(Data items)
++++++++++

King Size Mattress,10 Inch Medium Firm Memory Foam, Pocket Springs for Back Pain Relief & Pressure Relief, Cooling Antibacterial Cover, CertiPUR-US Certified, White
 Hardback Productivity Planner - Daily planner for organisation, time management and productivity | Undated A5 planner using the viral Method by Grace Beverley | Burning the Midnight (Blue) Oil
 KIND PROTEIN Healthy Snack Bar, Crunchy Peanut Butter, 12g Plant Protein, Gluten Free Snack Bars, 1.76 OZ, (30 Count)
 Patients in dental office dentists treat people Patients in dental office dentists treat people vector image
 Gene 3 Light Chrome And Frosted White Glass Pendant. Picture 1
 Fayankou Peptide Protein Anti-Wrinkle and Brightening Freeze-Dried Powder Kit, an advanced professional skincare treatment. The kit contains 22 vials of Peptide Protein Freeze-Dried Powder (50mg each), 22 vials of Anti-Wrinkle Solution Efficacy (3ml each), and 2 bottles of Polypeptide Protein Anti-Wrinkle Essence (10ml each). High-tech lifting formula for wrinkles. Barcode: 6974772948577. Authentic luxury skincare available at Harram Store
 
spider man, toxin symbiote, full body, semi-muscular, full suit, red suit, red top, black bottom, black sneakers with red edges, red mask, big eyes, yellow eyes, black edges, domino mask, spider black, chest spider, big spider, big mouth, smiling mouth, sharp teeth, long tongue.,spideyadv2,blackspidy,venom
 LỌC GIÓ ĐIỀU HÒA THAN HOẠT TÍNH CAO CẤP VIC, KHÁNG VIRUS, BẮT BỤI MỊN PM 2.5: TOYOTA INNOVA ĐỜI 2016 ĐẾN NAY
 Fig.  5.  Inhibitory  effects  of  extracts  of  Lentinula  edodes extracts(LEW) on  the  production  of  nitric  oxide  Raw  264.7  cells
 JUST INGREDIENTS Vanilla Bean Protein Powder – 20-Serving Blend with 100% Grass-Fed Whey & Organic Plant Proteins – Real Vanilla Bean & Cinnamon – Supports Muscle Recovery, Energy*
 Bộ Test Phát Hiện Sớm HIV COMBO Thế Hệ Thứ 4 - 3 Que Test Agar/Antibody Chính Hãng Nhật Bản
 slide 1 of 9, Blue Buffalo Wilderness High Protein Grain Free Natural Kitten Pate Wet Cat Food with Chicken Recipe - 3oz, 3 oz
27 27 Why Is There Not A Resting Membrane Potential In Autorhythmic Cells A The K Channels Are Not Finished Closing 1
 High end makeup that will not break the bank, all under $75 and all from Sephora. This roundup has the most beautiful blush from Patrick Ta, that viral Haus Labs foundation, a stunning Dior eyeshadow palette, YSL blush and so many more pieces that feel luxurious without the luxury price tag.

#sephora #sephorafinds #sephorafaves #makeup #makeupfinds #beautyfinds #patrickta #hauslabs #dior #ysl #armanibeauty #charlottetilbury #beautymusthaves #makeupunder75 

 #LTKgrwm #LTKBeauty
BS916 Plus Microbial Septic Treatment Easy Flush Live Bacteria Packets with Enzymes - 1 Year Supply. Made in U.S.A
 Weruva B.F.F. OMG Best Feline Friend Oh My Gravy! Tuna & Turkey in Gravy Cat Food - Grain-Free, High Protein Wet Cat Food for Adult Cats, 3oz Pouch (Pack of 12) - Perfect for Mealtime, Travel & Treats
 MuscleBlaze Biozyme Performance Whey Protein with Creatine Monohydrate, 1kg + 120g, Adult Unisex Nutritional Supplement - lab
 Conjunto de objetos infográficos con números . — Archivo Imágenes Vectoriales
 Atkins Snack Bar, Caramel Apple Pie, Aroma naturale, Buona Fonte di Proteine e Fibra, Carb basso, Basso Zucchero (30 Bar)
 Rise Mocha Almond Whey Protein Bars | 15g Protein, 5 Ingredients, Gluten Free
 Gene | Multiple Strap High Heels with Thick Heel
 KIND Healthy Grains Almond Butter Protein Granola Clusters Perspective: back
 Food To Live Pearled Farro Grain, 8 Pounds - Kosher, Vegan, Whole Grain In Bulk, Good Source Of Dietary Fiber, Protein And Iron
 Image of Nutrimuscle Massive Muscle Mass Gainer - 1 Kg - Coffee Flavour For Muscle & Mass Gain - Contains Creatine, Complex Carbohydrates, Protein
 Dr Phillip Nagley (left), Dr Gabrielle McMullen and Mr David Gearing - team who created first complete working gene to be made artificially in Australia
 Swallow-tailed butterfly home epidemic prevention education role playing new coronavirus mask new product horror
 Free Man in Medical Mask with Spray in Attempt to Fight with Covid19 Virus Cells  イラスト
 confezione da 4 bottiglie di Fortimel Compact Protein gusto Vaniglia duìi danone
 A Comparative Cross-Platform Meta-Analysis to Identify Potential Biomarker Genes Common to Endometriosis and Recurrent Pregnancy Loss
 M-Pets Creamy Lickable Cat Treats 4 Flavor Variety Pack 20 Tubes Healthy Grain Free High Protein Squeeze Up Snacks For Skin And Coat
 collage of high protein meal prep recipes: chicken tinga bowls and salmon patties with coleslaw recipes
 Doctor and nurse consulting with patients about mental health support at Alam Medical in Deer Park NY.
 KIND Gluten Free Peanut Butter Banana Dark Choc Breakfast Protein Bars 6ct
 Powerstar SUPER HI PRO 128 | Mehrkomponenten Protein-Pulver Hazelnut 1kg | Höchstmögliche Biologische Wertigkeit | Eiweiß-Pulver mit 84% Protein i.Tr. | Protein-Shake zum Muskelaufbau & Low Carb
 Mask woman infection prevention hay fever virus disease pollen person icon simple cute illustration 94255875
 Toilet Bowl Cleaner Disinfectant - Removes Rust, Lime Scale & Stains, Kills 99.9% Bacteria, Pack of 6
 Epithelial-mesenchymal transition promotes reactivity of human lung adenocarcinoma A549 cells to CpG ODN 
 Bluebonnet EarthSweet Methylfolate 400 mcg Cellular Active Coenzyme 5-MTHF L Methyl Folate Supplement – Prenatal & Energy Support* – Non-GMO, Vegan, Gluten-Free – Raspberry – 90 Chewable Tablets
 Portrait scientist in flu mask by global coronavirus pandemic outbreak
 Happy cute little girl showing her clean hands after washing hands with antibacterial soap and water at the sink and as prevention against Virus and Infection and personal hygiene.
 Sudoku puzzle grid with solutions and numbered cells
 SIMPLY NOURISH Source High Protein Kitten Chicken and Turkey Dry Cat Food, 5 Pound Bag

++++++++++

Return, word for word, every line from the line with "Portrait scientist in" to the final line of the data.

→ **TASK RESULT**
 Portrait scientist in flu mask by global coronavirus pandemic outbreak
 Happy cute little girl showing her clean hands after washing hands with antibacterial soap and water at the sink and as prevention against Virus and Infection and personal hygiene.
 Sudoku puzzle grid with solutions and numbered cells
 SIMPLY NOURISH Source High Protein Kitten Chicken and Turkey Dry Cat Food, 5 Pound Bag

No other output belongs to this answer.